Still baffled to this day I used Google street view to quickly revisit the entrapment site. While the Great Western Savings building (a 1913 building designed by M.J.Lyon Company for a distributor of Buick and National Cars) has been restored to its original function as a Ford car dealership a parking meter still remains but the street cleaning sign, residential parking sign, and tow-away sign have been replaced with a single schedule whose details cannot be made out.

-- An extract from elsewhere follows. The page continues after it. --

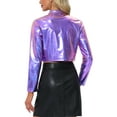 thumbnail image 3 of INSPIRE CHIC Women's Cropped Jackets Stand Collar Metallic Zipper Long Sleeve Party Jacket XL Blue, 3 of 6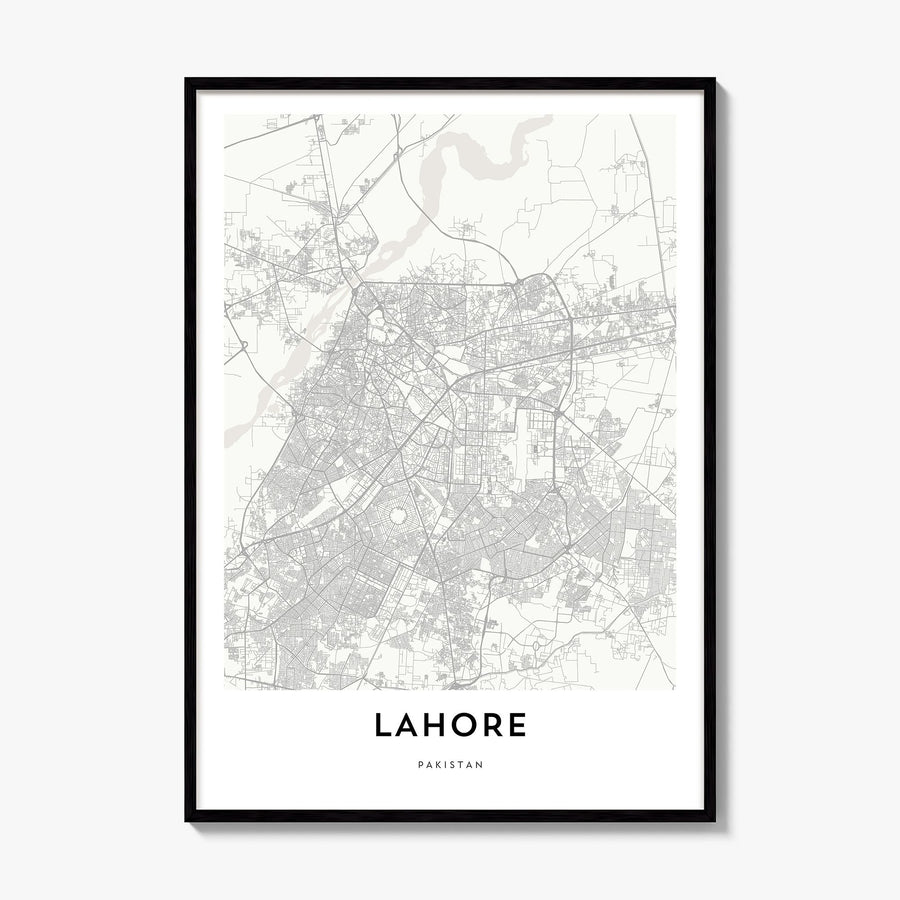 Lahore Map Poster, framed poster mockup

With a recharged curiosity, surely I will make a point during my next trip to San Francisco to digitally shoot the new sign and update this post.

Update:

Despite my frequent travels to San Francisco it was not until 2nd quarter 2013 (4 and a half years after the original post) that a window of time in my overbooked meeting schedules allowed me to revisit the site in question.  Indeed, as evidenced in the photograph below, the plethora of signage has been replaced with a single sign post along with a parking meter and the painted curb.  Gone are the excruciating detailed sign post, the permit parking sign, and the street cleaning sign which are all forever archived in the original post.



Even better the new signage (close-up image below), which is updated annually with an adhesive replacement sticker, only requires checking your calendar against the 10 (ten) restricted parking dates listed. The previous signage listed a whopping 68 (sixty-eight) regulated dates – almost 20% of the year!  That’s a 1 in 5 chance that the day you had parked there was restricted – and that is not including the permit parking restriction, the time meter, the street cleaning restriction, or the red curb.




When all combined the likelihood of being able to previously park there, legally of course and without getting a ticket, starts to approximate the chance of winning the lottery – which of course is what it truly feels like every time you do find legal street parking in San Francisco.